このほど神戸市で開かれた日本薬学会年会で取り組みを公表した大室氏は、セルフチェックカードによって「需要者が薬剤師に相談しやすい環境を確保できる」と強調した。
「一般用漢方処方製剤は、薬剤師などによる積極的な情報提供は不要とされている第2類薬であり、添付文書は需要者が自ら判断できるように作成されてはいるが、情報は不足している。漢方は体質や症状に合わせて使用する必要がある。できるだけ薬剤師が情報提供や相談応需をする必要がある」と述べ、「自己判断のみで購入しないようにする。それによって相互作用の防止、受診勧奨、副作用の早期発見につながる」と語った。
大室氏らが手本にしたのはオーストラリアの「シェルフトーカー」。オーストラリア薬剤師会が中心になって作成した一般用医薬品のカウンセリングガイドブックに対応したもので、名刺2枚程度の用紙に必要最低限のセルフチェック項目を記載。陳列棚に配置し、薬剤師への相談を促すツールとして現在、約50種類が作成されている。

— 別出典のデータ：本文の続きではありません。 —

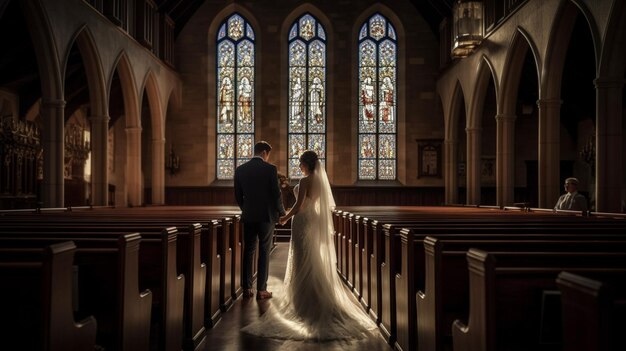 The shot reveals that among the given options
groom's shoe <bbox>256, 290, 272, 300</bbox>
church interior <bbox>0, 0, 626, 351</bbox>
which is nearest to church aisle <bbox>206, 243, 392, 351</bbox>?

「シェルフトーカー」を参考に大室氏らは、第2類の一般用漢方処方製剤のうち売上の大きい処方に着目。かぜ(小青竜湯など4処方)、咳・のど(麦門冬湯など3処方)、尿の悩み(八味地黄丸など3処方)、婦人の悩み(加味逍遙散など3処方)、肩こり・関節痛・神経痛(独活葛根湯など5処方)の5領域18処方を対象にセルフチェックカードを作成した。
このほか、相談を受けた薬剤師がスムーズに対応できるように、添付文書から重要なポイントを抜き出したり、かぜの場合にどの処方を選択すればいいのかを証や症状から判断するフローチャートを作成したりして、薬剤師向け資料の作成も進めている。

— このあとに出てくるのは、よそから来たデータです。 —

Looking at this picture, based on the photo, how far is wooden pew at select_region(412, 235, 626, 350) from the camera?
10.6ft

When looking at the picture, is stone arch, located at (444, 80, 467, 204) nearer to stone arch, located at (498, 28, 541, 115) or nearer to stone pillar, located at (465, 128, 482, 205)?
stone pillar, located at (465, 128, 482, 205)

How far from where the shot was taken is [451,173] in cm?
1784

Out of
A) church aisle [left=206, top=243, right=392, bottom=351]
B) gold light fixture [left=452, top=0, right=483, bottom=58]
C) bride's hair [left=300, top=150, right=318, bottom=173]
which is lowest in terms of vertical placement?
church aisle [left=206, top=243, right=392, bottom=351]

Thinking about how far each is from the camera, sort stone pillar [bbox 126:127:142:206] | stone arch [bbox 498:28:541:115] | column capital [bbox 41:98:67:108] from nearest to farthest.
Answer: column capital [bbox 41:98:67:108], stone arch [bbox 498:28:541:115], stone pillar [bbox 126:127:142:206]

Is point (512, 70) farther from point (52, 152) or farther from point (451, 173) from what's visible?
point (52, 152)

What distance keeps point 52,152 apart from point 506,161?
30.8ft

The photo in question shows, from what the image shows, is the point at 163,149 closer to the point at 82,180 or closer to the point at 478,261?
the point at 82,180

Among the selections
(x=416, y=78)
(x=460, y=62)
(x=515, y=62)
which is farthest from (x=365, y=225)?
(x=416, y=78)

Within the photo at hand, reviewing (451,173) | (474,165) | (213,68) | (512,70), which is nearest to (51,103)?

共同研究者の1人が所属するイオングループの埼玉県にある1店舗で、きょう1日からセルフチェックカードの配置を開始する。数カ月間試行し、改善を加えながら配置店舗をもう一つ増やす計画だ。ほかにも協力店を募っており、「セルフチェックカードの使用を希望する薬局などには対応する」(大室氏)としている。